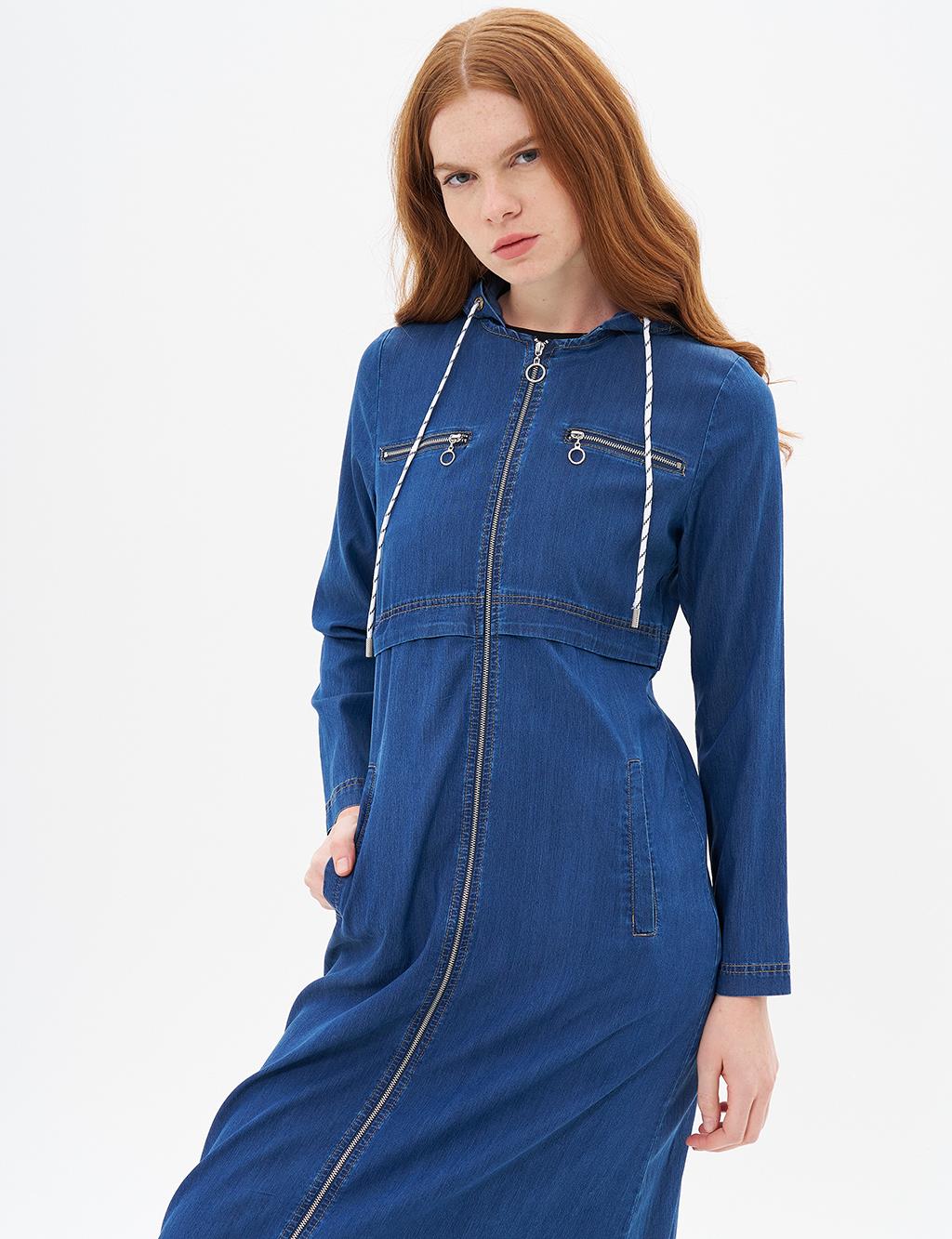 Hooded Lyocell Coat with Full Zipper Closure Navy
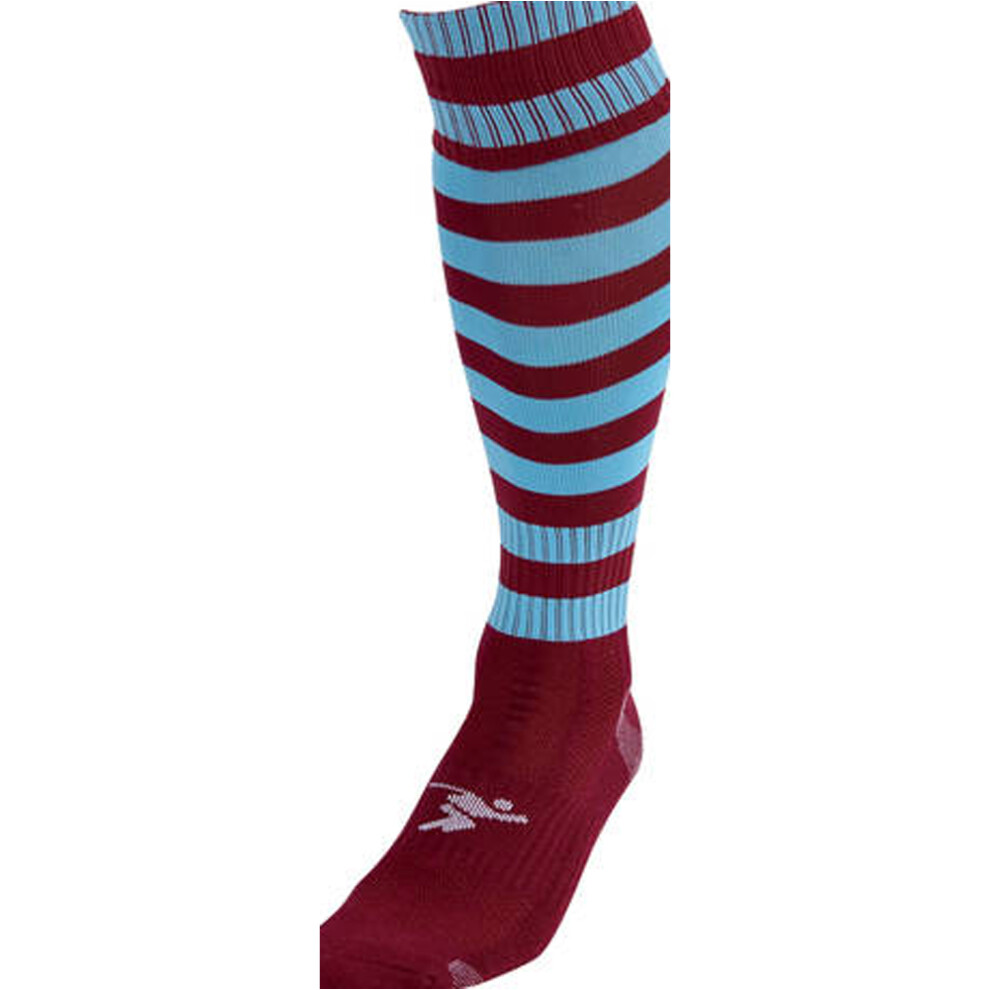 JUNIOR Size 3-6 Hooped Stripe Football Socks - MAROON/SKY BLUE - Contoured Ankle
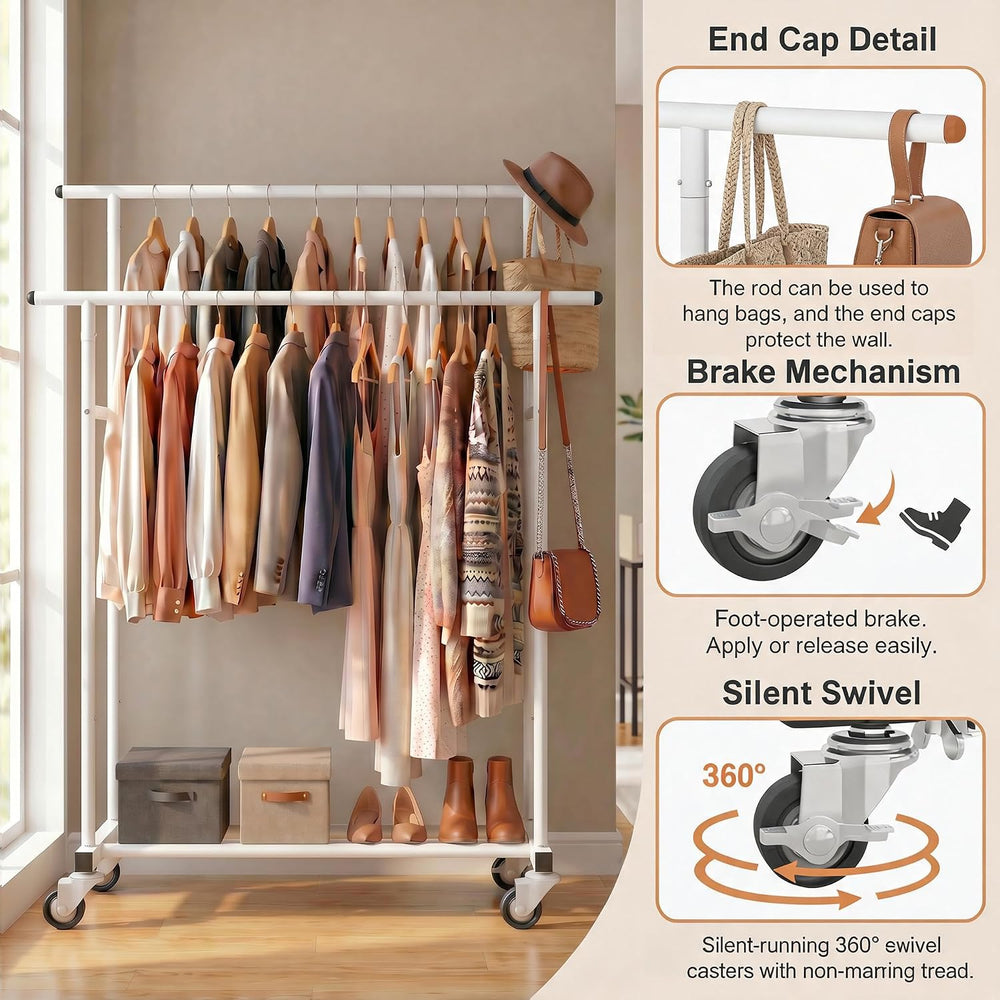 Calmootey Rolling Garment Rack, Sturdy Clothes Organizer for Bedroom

# [EXERCISE]
Output the full listing verbatim; pictures stay out.

# [EXPECTED ANSWER]
 Hooded Lyocell Coat with Full Zipper Closure Navy
 JUNIOR Size 3-6 Hooped Stripe Football Socks - MAROON/SKY BLUE - Contoured Ankle
 Calmootey Rolling Garment Rack, Sturdy Clothes Organizer for Bedroom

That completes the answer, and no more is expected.